Prager defined the term "American Trinity" as "Liberty, God and E Pluribus Unum" (out of many, one), each of which Prager includes in many pages of discussion. Ryan used the concept but shortened the expression and left out the last portion -- which is fine, as E Pluribus Unum is a bit too complex for a short speech.
Prager notes, "E Pluribus Unum rejects tribal, ethnic and blood ties and elevates the individual. It is the individual who matters, not any group to which the individual may belong. Anyone can become an American because America, unlike other nations, is not defined by territory, religion, or ethnicity, but by an allegiance to a set of ideals. It is telling that the 'hyphenated-American' only became a part of political speak with the ascendency of the Left. For two centuries, Americans, whatever their place of origin, were just Americans."
It is very encouraging to me that the Romney camp seems to know about Prager's new book and will use it as a source for their campaign. It could prove to be as valuable to Romney in this election as de Vattel's book Law of Nations was to the Founding Fathers in the lead up to our War of Independence.
The author expends significant effort in defining liberty. Simply stated, it is our well-known five familiar freedoms plus two: political, religious, assembly, speech, and press, plus economic freedom and as much freedom as practical from government interference in our lives. Prager's first jewel regarding government interference is that "[i]ndividual liberty exists in inverse proportion to the size of the state."
Prager's case for small government is overpowering:
1. The Founders believed that unnecessary government is dangerous and destructive of the moral character of its people.
2. Character begins in taking responsibility for oneself. State involvement, when a person can care for himself, damages moral character and reduces care for the truly needy.
3. Government entitlement programs have terrible moral consequences. These programs lead to a loss of self-worth, an attitude of entitlement, and a lack of gratitude for what is provided.
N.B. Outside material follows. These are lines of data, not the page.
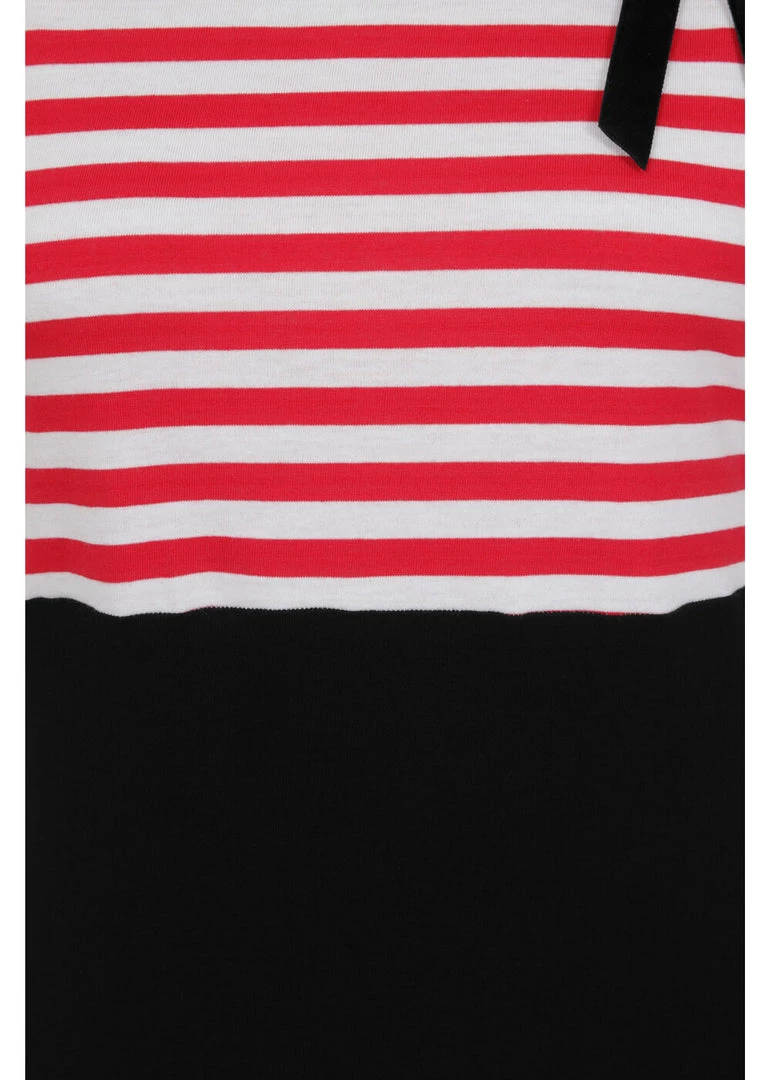 New In Banned Candy Stripe Sailor 40's Top Red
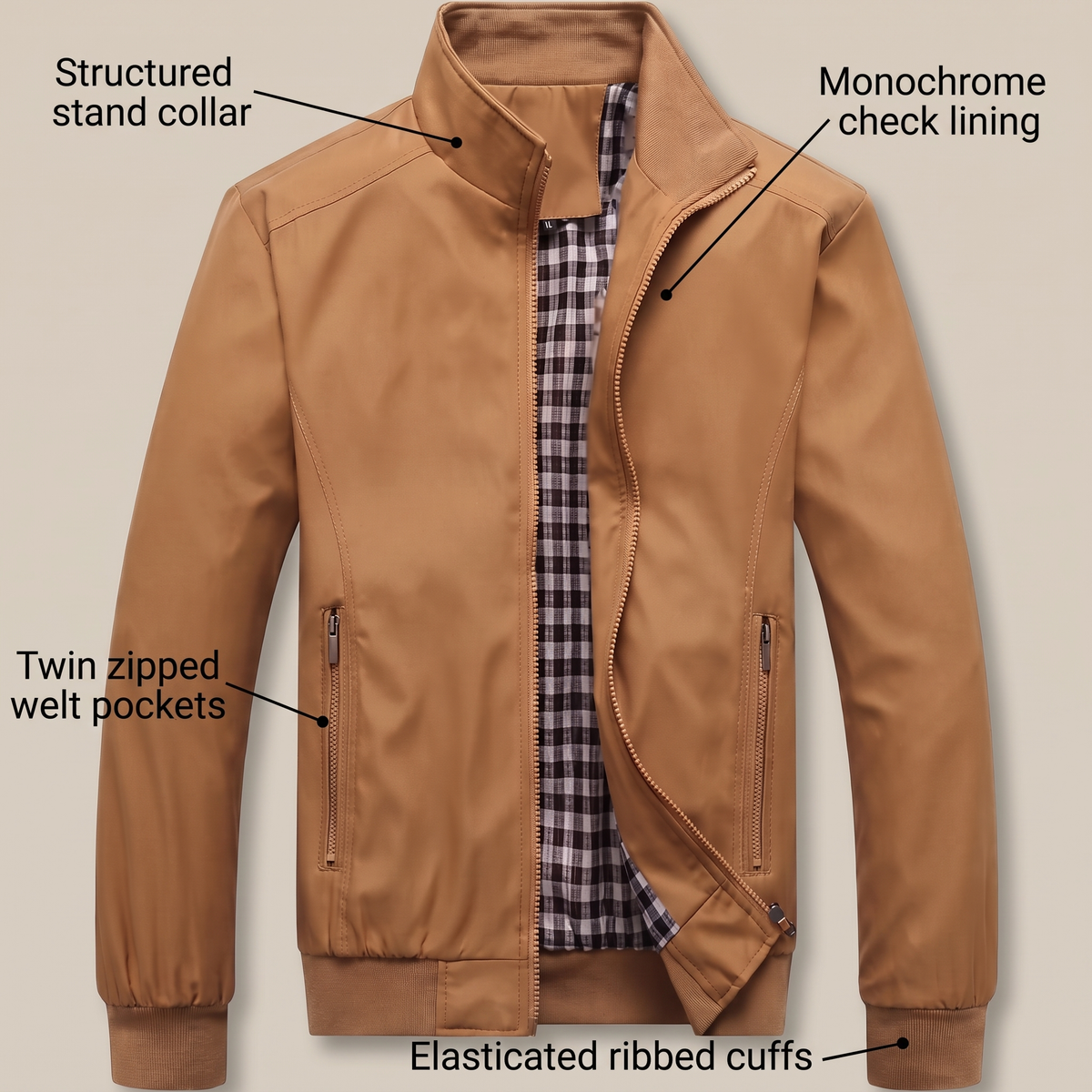 Everyday Zip Front Jacket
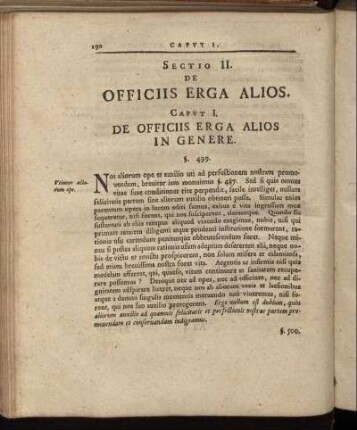 Caput I. De Officiis Erga Alios In Genere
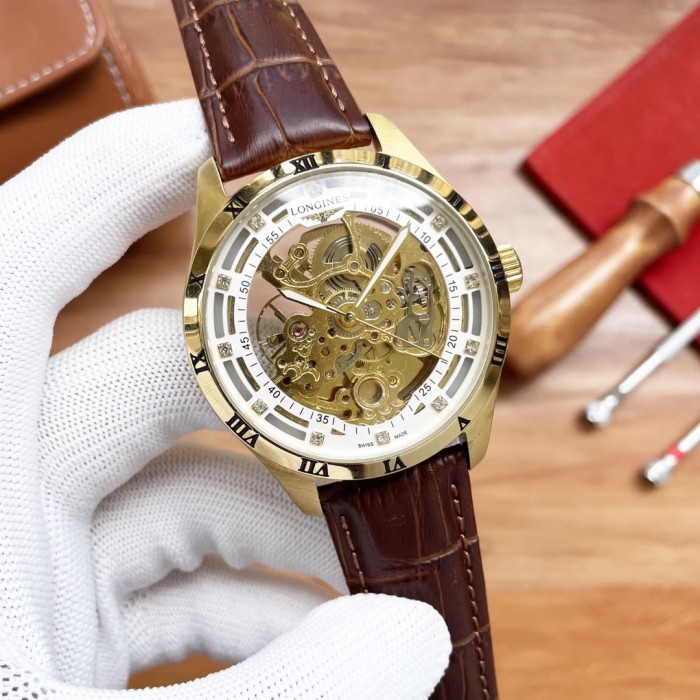 Longines Mens Watch Luxury Brand Design Fashion Type with Original Box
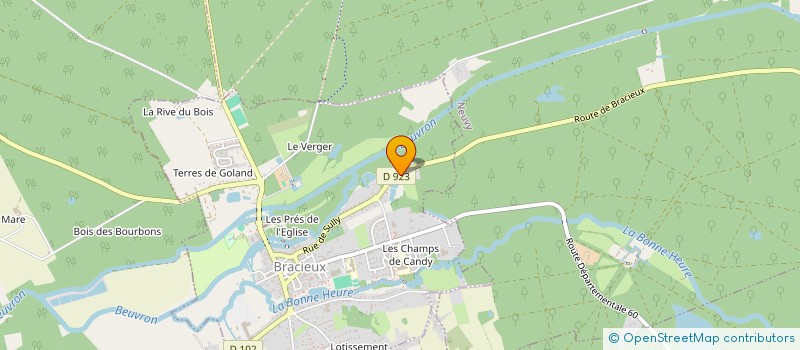 localisation de l'entreprise MONSIEUR GABRIEL GAGLIANO  BRACIEUX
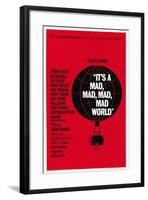 "It's a Mad, Mad, Mad, Mad World" 1963, Directed by Stanley Kramer-null-Framed Giclee Print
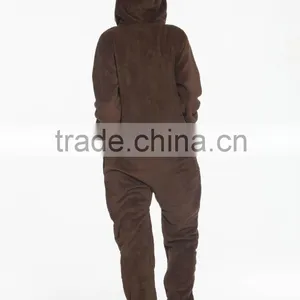 Wholesale Fashion Unisex Jumpsuit Adult Fleece Teddy Bear Nordic Onesie Quality Choice thumbnail-3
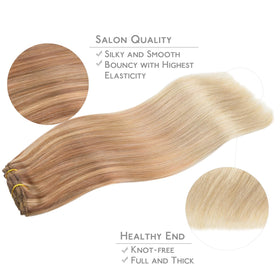 Extensions capillaires Wennalife portées par une femme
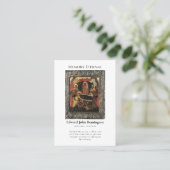 Minimalist Orthodox Christian Memorial Prayer Card プレイスカード (スタンド正面)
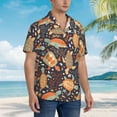 thumbnail image 3 of Disketp Hawaiian Shirts for Men,Turtles and Sea Plants Print Mens Casual Short Sleeve Button Down Shirts Beach Shirt, 3 of 7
Why work if the government provides a handout?
4. People need the emotional reward of feeling needed. Men especially have been denied rewards for their involvement. When the State becomes totally responsible for the financial support of their women and children, men are denied this reward. As the State expands its role, nothing is left of liberty and dignity.
5. American churches and other voluntary groups have been an essential part of American culture that becomes denigrated when government expands into their role. Charity and volunteerism are reduced substantially in leftist states, a detriment to the needy and to the volunteers' sense of community contribution.
Another jewel. "There are fine individuals on the left and selfish individuals on the Right. But as a rule, bigger government increases the number of angry, ungrateful, lazy, spoiled and self-centered individuals."
And another jewel. "The Left's altruistic motives have created the Welfare state, and the Welfare state creates selfishness."
Prager's book discusses all the many underlying philosophical differences between conservatives and the Obama left, and in my opinion, he discloses the fallacy underlying all the liberal concepts. Prager discusses how the Age of Reason's and the Enlightenment's rejection of religion and God resulted in the rejection of the concept of the inherent immorality of man -- a rejection which took over Europe. Contrary to this European post-Enlightenment concept, the Founders retained in the Constitution the concepts that man is immoral and that the essence of man is most interested in self-satisfaction. This led the Founders to incorporate Montesquieu's advice in the Constitution and to create three branches of government in which each branch had equal power. This was their attempt to counter the inherent self-interest and immorality of man.
It is my dream that a clear-thinking philosophy major would use Prager's book to generate a short version for consumption by independents. Such a text would help the world appreciate the inherent weaknesses underlying the social democracy of the Obama administration.